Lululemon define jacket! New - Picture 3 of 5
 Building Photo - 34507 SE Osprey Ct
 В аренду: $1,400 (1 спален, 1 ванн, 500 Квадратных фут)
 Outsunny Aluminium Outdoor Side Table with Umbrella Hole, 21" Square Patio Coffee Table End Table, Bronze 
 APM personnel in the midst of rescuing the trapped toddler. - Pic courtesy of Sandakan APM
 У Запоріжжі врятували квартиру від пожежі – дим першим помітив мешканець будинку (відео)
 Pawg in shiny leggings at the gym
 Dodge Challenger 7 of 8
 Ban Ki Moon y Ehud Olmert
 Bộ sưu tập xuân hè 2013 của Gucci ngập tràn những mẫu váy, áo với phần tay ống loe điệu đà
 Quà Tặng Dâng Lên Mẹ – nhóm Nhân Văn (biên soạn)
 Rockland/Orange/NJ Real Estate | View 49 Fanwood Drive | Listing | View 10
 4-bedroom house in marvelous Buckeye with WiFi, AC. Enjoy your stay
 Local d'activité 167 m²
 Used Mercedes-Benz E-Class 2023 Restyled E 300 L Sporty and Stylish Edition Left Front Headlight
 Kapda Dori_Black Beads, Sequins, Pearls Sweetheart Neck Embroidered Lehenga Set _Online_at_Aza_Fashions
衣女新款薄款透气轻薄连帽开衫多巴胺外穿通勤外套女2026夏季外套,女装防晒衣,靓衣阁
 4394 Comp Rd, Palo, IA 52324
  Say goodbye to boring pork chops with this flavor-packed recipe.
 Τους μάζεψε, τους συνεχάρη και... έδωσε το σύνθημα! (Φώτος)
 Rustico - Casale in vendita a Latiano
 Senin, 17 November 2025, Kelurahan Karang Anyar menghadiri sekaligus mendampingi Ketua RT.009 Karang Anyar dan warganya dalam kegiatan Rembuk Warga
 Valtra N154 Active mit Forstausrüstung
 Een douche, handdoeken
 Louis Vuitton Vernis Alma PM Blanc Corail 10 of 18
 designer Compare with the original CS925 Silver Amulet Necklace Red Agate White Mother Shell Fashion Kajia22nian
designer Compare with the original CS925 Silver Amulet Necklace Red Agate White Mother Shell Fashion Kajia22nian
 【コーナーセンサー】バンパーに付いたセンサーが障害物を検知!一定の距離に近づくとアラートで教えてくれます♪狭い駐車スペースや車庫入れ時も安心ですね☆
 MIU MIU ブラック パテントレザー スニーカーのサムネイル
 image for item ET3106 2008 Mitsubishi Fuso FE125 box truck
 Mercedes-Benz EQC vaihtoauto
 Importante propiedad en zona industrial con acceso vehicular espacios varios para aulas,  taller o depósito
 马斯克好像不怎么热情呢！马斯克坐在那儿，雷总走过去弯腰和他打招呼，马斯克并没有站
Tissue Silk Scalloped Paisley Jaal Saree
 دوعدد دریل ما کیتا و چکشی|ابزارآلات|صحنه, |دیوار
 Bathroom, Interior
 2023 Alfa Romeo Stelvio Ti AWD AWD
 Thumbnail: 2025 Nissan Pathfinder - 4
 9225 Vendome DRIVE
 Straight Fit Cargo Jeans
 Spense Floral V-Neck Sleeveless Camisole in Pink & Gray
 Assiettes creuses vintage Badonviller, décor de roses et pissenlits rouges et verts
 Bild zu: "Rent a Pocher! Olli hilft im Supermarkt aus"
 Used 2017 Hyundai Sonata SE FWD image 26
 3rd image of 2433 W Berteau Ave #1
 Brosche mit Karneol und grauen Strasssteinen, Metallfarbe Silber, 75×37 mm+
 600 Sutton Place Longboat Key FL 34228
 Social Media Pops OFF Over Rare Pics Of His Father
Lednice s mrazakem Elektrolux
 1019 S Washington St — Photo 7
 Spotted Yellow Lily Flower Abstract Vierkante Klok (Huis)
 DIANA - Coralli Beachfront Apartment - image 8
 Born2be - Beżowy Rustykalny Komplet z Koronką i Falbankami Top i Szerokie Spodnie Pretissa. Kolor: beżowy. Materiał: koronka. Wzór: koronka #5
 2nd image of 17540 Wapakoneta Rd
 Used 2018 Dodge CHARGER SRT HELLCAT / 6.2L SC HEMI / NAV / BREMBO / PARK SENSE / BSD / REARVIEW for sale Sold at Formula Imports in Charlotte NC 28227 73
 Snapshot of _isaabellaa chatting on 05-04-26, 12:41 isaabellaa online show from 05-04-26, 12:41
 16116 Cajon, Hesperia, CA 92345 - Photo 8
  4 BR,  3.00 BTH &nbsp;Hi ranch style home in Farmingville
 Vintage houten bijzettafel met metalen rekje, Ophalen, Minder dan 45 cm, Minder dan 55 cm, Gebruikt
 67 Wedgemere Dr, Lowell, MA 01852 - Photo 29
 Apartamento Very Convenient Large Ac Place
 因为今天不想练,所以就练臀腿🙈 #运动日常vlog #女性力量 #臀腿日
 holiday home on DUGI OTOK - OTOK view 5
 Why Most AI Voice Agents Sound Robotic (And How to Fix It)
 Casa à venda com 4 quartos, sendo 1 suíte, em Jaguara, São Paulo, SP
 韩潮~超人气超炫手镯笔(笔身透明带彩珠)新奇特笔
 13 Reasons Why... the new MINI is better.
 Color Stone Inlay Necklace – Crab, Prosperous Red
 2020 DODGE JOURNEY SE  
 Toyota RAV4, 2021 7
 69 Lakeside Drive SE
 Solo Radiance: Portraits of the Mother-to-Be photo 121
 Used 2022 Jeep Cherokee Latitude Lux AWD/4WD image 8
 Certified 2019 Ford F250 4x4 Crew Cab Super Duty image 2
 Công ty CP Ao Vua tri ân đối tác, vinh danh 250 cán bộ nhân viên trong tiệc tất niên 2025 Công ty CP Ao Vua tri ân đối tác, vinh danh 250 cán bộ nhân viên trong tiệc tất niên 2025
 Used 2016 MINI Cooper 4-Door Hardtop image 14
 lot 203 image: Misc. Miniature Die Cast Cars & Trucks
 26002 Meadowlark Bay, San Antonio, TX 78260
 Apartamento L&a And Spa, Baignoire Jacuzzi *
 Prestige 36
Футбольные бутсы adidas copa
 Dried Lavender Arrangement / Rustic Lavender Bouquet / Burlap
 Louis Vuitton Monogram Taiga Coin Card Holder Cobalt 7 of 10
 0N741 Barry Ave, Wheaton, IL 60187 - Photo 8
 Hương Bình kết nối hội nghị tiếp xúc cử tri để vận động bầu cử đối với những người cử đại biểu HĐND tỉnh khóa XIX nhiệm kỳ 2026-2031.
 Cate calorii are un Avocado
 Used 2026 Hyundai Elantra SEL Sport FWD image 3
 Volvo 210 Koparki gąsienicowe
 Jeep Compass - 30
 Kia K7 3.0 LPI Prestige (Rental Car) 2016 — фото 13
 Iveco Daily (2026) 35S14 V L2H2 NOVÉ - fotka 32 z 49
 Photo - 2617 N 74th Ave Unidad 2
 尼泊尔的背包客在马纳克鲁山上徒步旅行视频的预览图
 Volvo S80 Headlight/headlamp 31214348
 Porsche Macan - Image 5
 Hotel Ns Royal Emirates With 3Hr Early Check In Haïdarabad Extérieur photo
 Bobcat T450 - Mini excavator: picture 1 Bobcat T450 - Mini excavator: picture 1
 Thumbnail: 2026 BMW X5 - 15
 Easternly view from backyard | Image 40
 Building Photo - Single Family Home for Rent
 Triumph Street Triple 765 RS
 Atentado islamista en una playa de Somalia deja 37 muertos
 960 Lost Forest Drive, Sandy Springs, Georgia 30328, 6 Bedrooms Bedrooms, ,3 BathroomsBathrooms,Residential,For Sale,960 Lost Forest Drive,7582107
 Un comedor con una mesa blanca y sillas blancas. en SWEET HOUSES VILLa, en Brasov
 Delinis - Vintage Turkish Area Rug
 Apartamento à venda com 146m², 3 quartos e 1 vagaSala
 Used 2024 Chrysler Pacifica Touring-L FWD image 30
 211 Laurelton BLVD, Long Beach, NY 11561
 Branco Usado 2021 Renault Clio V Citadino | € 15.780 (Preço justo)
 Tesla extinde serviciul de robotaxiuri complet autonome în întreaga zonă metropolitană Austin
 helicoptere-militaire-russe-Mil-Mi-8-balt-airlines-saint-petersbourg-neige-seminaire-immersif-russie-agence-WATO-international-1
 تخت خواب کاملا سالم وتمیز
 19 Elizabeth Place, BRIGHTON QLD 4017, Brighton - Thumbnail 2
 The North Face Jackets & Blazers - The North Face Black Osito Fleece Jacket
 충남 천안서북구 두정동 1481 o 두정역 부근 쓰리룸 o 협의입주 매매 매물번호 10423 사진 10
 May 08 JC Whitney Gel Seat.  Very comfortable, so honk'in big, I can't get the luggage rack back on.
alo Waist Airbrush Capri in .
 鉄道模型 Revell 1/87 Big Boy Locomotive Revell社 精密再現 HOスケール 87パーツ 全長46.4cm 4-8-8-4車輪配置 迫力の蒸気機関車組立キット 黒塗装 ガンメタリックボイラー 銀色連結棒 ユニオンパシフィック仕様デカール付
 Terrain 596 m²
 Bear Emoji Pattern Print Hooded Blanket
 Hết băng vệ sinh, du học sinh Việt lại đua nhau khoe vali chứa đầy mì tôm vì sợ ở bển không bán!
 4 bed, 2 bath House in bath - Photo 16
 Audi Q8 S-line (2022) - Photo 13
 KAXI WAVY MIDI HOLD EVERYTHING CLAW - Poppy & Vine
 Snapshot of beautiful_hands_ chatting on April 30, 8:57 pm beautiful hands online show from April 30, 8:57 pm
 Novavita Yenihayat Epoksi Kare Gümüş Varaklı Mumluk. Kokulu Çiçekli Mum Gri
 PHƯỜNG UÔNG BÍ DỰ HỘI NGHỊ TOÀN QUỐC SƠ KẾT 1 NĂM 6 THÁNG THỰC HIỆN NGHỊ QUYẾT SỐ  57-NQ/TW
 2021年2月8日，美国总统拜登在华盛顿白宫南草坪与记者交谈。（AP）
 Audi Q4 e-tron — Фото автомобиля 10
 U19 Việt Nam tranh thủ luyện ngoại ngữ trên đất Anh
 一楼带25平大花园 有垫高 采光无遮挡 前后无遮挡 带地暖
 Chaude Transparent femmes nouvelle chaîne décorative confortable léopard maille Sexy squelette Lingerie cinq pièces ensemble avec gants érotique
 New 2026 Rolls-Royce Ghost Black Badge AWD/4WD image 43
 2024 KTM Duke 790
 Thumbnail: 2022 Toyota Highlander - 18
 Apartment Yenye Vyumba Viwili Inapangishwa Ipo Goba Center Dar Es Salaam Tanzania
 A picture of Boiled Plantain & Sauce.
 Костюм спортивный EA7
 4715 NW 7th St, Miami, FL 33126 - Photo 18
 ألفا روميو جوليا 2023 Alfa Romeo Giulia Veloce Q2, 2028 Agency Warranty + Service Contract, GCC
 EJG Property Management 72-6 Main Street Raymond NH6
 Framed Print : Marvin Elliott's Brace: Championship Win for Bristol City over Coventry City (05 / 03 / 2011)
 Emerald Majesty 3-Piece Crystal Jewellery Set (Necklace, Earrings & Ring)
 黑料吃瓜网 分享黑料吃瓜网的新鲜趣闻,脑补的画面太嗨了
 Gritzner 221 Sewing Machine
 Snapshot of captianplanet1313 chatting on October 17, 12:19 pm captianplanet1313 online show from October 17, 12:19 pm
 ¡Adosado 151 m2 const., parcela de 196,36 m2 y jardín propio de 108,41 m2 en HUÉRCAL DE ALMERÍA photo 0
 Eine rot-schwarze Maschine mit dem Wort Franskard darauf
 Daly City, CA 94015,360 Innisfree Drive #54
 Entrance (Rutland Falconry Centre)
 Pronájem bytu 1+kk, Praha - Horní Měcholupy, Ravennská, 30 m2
# # # # #
• [EXERCISE DESCRIPTION] Among the lines of the material above, find those with the word "Louis". Copy each one.

• [WRITTEN REPLY]
 Louis Vuitton Vernis Alma PM Blanc Corail 10 of 18
 Louis Vuitton Monogram Taiga Coin Card Holder Cobalt 7 of 10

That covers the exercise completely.